* **YOUR INSTRUCTIONS**: Only the number is needed: the count of lines in the records with the word "Freedom".

* **Source records**:
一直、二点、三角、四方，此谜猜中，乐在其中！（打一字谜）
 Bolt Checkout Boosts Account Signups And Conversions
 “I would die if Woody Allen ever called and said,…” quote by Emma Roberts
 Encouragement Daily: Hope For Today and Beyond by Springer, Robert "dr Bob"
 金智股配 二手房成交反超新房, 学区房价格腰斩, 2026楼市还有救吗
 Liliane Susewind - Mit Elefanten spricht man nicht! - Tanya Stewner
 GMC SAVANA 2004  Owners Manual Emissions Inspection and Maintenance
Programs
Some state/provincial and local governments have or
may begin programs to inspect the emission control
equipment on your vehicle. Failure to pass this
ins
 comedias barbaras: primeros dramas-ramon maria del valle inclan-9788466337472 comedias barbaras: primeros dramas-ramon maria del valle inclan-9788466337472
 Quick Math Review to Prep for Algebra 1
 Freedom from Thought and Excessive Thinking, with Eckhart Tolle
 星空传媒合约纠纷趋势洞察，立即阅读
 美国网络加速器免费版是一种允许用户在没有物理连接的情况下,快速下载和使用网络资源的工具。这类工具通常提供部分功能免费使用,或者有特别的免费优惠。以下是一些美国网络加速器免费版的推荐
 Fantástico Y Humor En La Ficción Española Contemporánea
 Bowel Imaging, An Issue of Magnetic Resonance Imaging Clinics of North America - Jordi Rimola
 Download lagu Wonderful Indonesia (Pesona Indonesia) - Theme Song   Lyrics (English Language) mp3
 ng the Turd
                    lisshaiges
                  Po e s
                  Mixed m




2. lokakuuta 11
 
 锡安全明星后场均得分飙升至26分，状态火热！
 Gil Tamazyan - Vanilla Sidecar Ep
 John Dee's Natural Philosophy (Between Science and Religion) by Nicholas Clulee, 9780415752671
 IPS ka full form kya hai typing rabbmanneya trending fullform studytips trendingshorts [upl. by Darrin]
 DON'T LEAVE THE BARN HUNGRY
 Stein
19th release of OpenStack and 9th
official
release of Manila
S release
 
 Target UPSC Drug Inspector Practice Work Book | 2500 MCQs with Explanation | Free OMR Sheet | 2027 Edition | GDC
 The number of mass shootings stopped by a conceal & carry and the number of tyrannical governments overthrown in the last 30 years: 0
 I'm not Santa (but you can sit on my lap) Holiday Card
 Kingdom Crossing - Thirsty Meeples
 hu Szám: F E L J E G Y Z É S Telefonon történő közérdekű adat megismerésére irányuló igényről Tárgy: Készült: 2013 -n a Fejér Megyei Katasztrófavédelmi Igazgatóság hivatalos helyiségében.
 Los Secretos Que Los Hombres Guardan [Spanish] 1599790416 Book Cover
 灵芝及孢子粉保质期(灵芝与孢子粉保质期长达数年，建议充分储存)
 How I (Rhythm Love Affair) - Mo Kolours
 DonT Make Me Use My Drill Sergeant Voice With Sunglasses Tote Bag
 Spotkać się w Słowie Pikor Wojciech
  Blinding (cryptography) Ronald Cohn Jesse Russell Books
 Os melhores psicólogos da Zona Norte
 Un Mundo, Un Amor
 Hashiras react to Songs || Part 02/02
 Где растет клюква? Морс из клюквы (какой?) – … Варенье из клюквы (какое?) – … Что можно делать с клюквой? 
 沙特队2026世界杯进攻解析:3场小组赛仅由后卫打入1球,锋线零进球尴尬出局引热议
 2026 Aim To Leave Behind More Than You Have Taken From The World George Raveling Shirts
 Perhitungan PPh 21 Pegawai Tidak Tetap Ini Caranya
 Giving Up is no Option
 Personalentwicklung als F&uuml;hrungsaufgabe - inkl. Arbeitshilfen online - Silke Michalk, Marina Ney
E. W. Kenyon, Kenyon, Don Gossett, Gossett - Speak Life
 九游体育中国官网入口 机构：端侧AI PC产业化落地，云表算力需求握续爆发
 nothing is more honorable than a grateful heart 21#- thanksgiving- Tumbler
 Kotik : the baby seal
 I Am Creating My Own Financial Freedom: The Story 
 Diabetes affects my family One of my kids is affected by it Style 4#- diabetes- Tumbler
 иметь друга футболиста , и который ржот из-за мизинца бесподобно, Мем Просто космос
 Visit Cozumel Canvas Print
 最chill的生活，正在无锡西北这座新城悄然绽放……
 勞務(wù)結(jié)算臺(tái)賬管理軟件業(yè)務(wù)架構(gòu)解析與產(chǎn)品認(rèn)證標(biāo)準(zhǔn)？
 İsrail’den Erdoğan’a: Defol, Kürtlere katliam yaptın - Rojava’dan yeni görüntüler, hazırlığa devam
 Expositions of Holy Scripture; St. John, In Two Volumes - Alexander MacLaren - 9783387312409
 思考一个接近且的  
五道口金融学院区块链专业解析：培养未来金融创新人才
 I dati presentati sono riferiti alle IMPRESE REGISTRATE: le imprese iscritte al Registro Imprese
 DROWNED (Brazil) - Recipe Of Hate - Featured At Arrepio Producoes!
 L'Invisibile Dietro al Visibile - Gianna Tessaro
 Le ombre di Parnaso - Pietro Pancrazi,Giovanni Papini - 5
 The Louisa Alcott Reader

* **ANSWER**: 2